──────── Given information
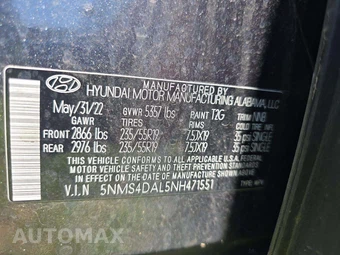 2022 Hyundai Santa Fe Limited - miniatura 5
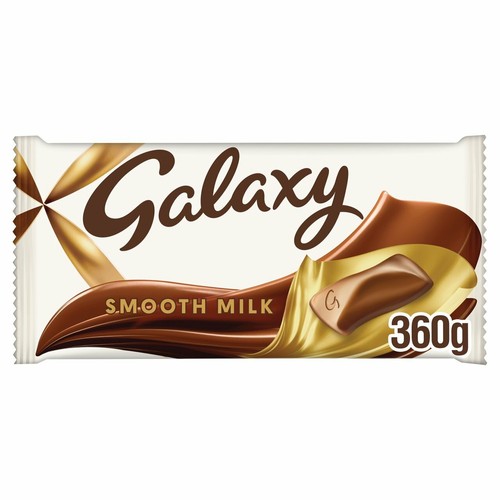 Galaxy milk chocolate 360g - galaxy,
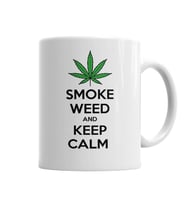 Smoke Weed And Keep Calm  Connect Kupa Bardak Porselen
────────────────
_Your objective_
Take the lines from the one holding "Galaxy milk chocolate" through the last line of the data above and copy them exactly, both ends included, omitting all pictures.

_Solution to the problem_
 Galaxy milk chocolate 360g - galaxy,
 Smoke Weed And Keep Calm  Connect Kupa Bardak Porselen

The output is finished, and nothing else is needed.